The deal could make Capital One the largest issuer of credit cards in the country, on top of giving it access to Discover's valuable payment network. Aside from being a card-issuing bank, Discover is also among the four primary payment networks in the U.S. (along with Visa, Mastercard and American Express), through which most credit and debit card transactions are processed.

While Capital One intends to keep the Discover credit card brand separate, it also plans to move its debit processing over to Discover’s payment network, as well as some of its credit card processing.

So what does this mean for holders of Capital One and Discover credit cards?

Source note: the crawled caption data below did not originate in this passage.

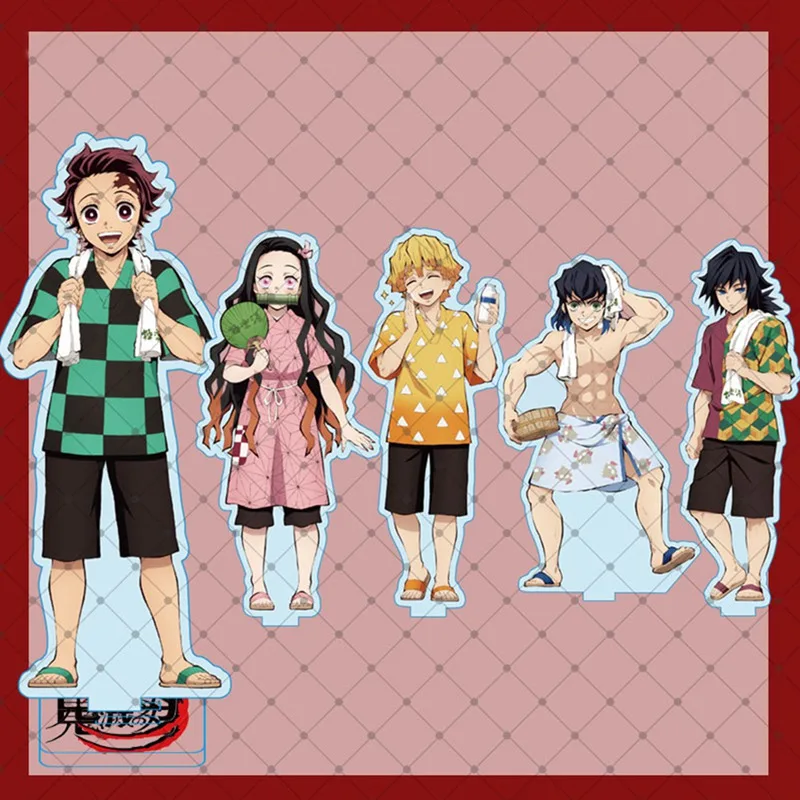 

Japan Anime Demon Slayer Kimetsu no Yaibai Acrylic Decorative Stand Cartoon Figure Model Desk Stand Decoration Gift Collection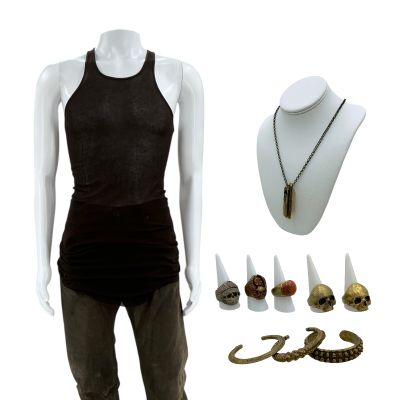 The Wrecking Crew Jonny Hale Screen Worn Stunt Double Singlet, Jeans, Necklace, (5) Rings & (3) Bracelets Ch 9 Sc Multiple | VIP Fan Auctions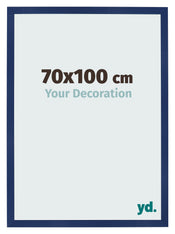 Bilderrahmen 70x100cm Dunkelblau Gewischt MDF Bologna Vorne Messe | Yourdecoration.at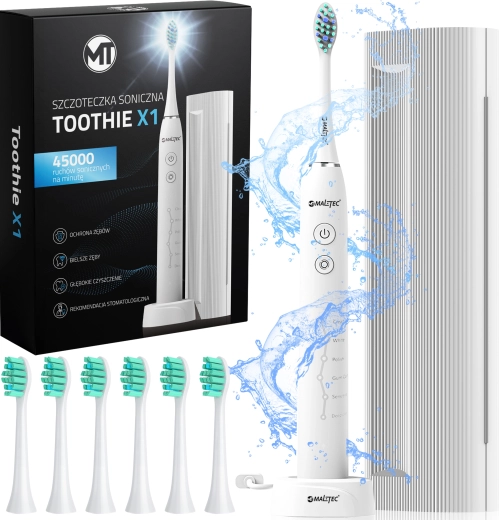 MalTec Toothie X1 WH soniczna szczoteczka do zębów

Well, nothing yet.

It's not a done deal

The proposed deal must first pass federal regulatory scrutiny, although some experts are optimistic.

"I think it can be done, as both Discover and Capital One have non-card business lines that could be divested if necessary to create a merged entity that could be approved,” said Beth Robertson, managing director at Keynova Group, which analyzes the market for digital financial services firms, in an email.

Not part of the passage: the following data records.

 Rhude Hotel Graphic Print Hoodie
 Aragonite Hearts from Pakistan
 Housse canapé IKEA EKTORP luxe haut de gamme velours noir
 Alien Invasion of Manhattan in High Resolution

If it does get a green light, Capital One doesn't expect the deal to close until late this year or in early 2025. Even then, it may still take time before cardholders notice changes. Consider an example from recent history involving companies with major credit card portfolios:

In November 2015, Marriott announced it was buying Starwood Hotels, "creating the world’s largest hotel company," and signaling the demise of the co-branded Starwood Preferred Guest (SPG) credit cards. New co-branded credit cards under the combined hotel behemoth were eventually launched — in 2019.

But ripple effects may eventually reach you

If the deal goes through, though, here are some potential changes that experts, studies and history all suggest:

New products, worse terms?

Capital One says the deal will allow it "to deliver industry-leading products and experiences that span the credit card marketplace across consumers, small businesses, and merchants."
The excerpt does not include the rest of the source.